━━ Source data ━━
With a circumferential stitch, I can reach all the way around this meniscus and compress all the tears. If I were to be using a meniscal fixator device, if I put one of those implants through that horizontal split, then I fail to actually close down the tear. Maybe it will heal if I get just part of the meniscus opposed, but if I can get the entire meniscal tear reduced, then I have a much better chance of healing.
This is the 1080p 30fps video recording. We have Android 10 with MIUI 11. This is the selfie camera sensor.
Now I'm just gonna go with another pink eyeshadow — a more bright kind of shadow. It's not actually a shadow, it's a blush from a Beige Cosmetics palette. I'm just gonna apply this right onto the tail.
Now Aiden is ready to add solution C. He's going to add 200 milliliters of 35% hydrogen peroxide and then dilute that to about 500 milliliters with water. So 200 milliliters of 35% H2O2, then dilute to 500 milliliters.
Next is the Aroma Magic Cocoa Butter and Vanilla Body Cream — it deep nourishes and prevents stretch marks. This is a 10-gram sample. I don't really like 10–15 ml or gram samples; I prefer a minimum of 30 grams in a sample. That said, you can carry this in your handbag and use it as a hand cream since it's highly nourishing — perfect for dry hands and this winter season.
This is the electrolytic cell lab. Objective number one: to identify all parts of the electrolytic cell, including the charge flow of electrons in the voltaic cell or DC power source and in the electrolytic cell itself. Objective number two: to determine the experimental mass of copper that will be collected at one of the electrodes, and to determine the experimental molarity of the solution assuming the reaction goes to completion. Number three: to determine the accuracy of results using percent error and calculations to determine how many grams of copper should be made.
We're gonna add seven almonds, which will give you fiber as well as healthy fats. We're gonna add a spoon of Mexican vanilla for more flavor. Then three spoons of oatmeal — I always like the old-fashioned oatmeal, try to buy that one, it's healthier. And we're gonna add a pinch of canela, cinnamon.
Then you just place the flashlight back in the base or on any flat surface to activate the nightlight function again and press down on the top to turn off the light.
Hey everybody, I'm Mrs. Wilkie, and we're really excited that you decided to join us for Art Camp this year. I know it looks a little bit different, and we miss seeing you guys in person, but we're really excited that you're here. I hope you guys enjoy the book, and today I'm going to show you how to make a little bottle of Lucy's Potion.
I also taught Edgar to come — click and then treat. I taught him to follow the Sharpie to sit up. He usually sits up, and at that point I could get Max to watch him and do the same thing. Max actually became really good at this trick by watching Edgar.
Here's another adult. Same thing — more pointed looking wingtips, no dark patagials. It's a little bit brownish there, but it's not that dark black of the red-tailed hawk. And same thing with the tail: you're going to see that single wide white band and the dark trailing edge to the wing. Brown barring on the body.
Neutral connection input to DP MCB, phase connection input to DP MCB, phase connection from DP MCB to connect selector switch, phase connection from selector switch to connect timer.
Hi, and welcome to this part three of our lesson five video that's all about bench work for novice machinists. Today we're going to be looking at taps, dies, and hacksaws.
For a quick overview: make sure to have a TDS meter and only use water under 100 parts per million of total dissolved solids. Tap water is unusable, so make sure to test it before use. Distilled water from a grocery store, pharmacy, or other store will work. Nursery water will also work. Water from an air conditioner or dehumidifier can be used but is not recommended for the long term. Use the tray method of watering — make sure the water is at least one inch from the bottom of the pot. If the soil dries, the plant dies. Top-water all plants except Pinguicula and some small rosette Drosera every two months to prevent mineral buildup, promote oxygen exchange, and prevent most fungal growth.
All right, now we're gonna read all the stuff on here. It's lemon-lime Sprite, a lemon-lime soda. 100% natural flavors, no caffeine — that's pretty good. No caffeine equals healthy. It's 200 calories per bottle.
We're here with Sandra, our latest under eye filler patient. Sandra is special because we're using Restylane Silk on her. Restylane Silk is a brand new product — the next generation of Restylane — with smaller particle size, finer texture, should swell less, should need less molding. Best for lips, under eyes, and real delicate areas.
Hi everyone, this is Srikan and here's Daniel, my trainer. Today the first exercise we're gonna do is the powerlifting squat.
━━━
▶ **Task details**: Would you write out the whole listing word for word?

▶ **Response**:
With a circumferential stitch, I can reach all the way around this meniscus and compress all the tears. If I were to be using a meniscal fixator device, if I put one of those implants through that horizontal split, then I fail to actually close down the tear. Maybe it will heal if I get just part of the meniscus opposed, but if I can get the entire meniscal tear reduced, then I have a much better chance of healing.
This is the 1080p 30fps video recording. We have Android 10 with MIUI 11. This is the selfie camera sensor.
Now I'm just gonna go with another pink eyeshadow — a more bright kind of shadow. It's not actually a shadow, it's a blush from a Beige Cosmetics palette. I'm just gonna apply this right onto the tail.
Now Aiden is ready to add solution C. He's going to add 200 milliliters of 35% hydrogen peroxide and then dilute that to about 500 milliliters with water. So 200 milliliters of 35% H2O2, then dilute to 500 milliliters.
Next is the Aroma Magic Cocoa Butter and Vanilla Body Cream — it deep nourishes and prevents stretch marks. This is a 10-gram sample. I don't really like 10–15 ml or gram samples; I prefer a minimum of 30 grams in a sample. That said, you can carry this in your handbag and use it as a hand cream since it's highly nourishing — perfect for dry hands and this winter season.
This is the electrolytic cell lab. Objective number one: to identify all parts of the electrolytic cell, including the charge flow of electrons in the voltaic cell or DC power source and in the electrolytic cell itself. Objective number two: to determine the experimental mass of copper that will be collected at one of the electrodes, and to determine the experimental molarity of the solution assuming the reaction goes to completion. Number three: to determine the accuracy of results using percent error and calculations to determine how many grams of copper should be made.
We're gonna add seven almonds, which will give you fiber as well as healthy fats. We're gonna add a spoon of Mexican vanilla for more flavor. Then three spoons of oatmeal — I always like the old-fashioned oatmeal, try to buy that one, it's healthier. And we're gonna add a pinch of canela, cinnamon.
Then you just place the flashlight back in the base or on any flat surface to activate the nightlight function again and press down on the top to turn off the light.
Hey everybody, I'm Mrs. Wilkie, and we're really excited that you decided to join us for Art Camp this year. I know it looks a little bit different, and we miss seeing you guys in person, but we're really excited that you're here. I hope you guys enjoy the book, and today I'm going to show you how to make a little bottle of Lucy's Potion.
I also taught Edgar to come — click and then treat. I taught him to follow the Sharpie to sit up. He usually sits up, and at that point I could get Max to watch him and do the same thing. Max actually became really good at this trick by watching Edgar.
Here's another adult. Same thing — more pointed looking wingtips, no dark patagials. It's a little bit brownish there, but it's not that dark black of the red-tailed hawk. And same thing with the tail: you're going to see that single wide white band and the dark trailing edge to the wing. Brown barring on the body.
Neutral connection input to DP MCB, phase connection input to DP MCB, phase connection from DP MCB to connect selector switch, phase connection from selector switch to connect timer.
Hi, and welcome to this part three of our lesson five video that's all about bench work for novice machinists. Today we're going to be looking at taps, dies, and hacksaws.
For a quick overview: make sure to have a TDS meter and only use water under 100 parts per million of total dissolved solids. Tap water is unusable, so make sure to test it before use. Distilled water from a grocery store, pharmacy, or other store will work. Nursery water will also work. Water from an air conditioner or dehumidifier can be used but is not recommended for the long term. Use the tray method of watering — make sure the water is at least one inch from the bottom of the pot. If the soil dries, the plant dies. Top-water all plants except Pinguicula and some small rosette Drosera every two months to prevent mineral buildup, promote oxygen exchange, and prevent most fungal growth.
All right, now we're gonna read all the stuff on here. It's lemon-lime Sprite, a lemon-lime soda. 100% natural flavors, no caffeine — that's pretty good. No caffeine equals healthy. It's 200 calories per bottle.
We're here with Sandra, our latest under eye filler patient. Sandra is special because we're using Restylane Silk on her. Restylane Silk is a brand new product — the next generation of Restylane — with smaller particle size, finer texture, should swell less, should need less molding. Best for lips, under eyes, and real delicate areas.
Hi everyone, this is Srikan and here's Daniel, my trainer. Today the first exercise we're gonna do is the powerlifting squat.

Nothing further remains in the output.